Consequently this leads to the differential $df:dG\to dH$ (where $dG$ is the Lie Algebra of $G$) defined as $df(\gamma'(0))=(f\circ\gamma)'(0)$. Some short exercises:
  • Confirm that this is equivalent to saying that $df(X)$ is the directional derivative of $f$ in the $X$ direction.
  • Differentiate $f(xyx^{-1}y^{-1})$ with respect to $x$ in the $X$ direction at $x=1$ (hint: this is a direct application of the definition of the differential in reverse).
  • Convince yourself that any derivative operator commutes with $df$, i.e. $D(df(X))=df(D(X))$.
It should be intuitively clear that if $f$ is a homomorphism, its local effect should be to act as a homomorphism of the Lie algebra as it should preserve all local structure. We can easily show that:
  1. Since $df$ is a derivative of $f$, its value must be a linear map (like the Jacobian). This applies to the derivative as an operator on the tangent space of any manifold -- $f$ doesn't need to be a group homomorphism at all.
  2. It preserves the Lie bracket. Take $f(xyx^{-1}y^{-1})=f(x)f(y)f(x)^{-1}f(y)^{-1}$ and differentiate it once with respect to $x$ in the $X$ direction at $x=1$, obtaining: $df(X-yXy^{-1})=df(X)-f(y)df(X)f(y)^{-1}$, simplify and differentiate it with respect to $y$ in the $Y$ direction at $y=1$ to get: $df([Y,X])=[df(Y),df(X)]$.


The adjoint map

The Lie Bracket $[Y,X]$ is not the derivative of conjugation $gxg^{-1}$, so you don't have to worry -- the Lie Bracket is not a Lie algebra homomorphism (it doesn't preserve Lie Brackets), the derivative of conjugation at the identity is zero. That's unfortunate -- our explanation of the Jacobi identity ("a derivation acts through the Lie Bracket as a derivation on the space of derivations where multiplication is given by the Lie Bracket") really indicated that it has something to do with it.

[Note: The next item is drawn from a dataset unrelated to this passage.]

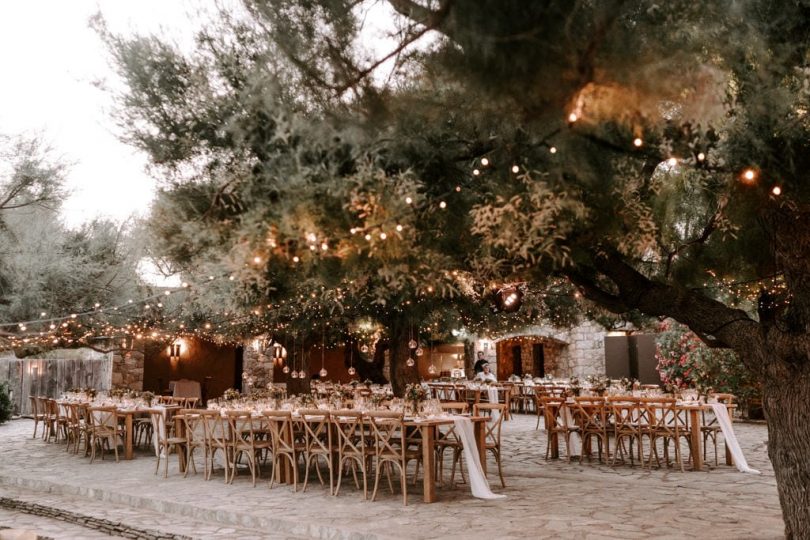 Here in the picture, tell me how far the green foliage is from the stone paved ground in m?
7.95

The Lie Bracket is the derivative of conjugation $xgx^{-1}$. OK, so?

Here's the idea: $\mathrm{Ad}(x)(y)=xyx^{-1}$ defines a homomorphism $\mathrm{Ad}:G\to\mathrm{Aut}(G)$. Its differential $\mathrm{ad}:dG\to d\mathrm{Aut}(G)$ can be confirmed to be the Lie Bracket $\mathrm{ad}(X)(Y)=[X,Y]$. So preservation of the Lie Bracket means:

$$\mathrm{ad}([X,Y])=[\mathrm{ad}(X),\mathrm{ad}(Y)]$$
This is precisely the Jacobi identity! So the Lie bracket is a Lie algebra homomorphism, from a Lie algebra to the Lie algebra of half-filled Lie brackets.

There is indeed a relationship between this "homomorphism" understanding of the Jacobi identity and the "derivation" understanding. In general, given a curve $\phi:\mathbb{R}\to\mathrm{Aut}(G)$, differentiating $\phi(t)(gh)=\phi(t)(g)\phi(t)(h)$ at $t=0$ we see that its derivative $d\phi$ satisfies the product rule, i.e. is a derivation (in fact this is true even when $G$ is not a group -- often a Lie group arises this way, as the automorphism group of some object and these derivations then form its Lie algebra). This implies

$$d\mathrm{Aut}(G)\subseteq\mathrm{Der}(dG)$$
So $[X,\cdot]$ is a derivation, and the map from $X$ to $[X,\cdot]$ is a Lie algebra homomorphism $dG\to\mathrm{Der}(dG)$. This really does give us a much more general way to look at everything we talked about in the last article.

Wait -- shouldn't it be an equality? I thought all derivations were part of the Lie Algebra? Ah, but there the derivations on $M$ formed the Lie Algebra of $\mathrm{Aut}(M)$, i.e. $d\mathrm{Aut}(M)=\mathrm{Der}(M)$. So indeed $d\mathrm{Aut}(dG)=\mathrm{Der}(dG)$. This makes sense, indeed $\mathrm{Aut}(G)\subseteq \mathrm{Aut}(dG)$. It's interesting to think about when it is that the Lie algebra has "more" automorphisms than the Lie group.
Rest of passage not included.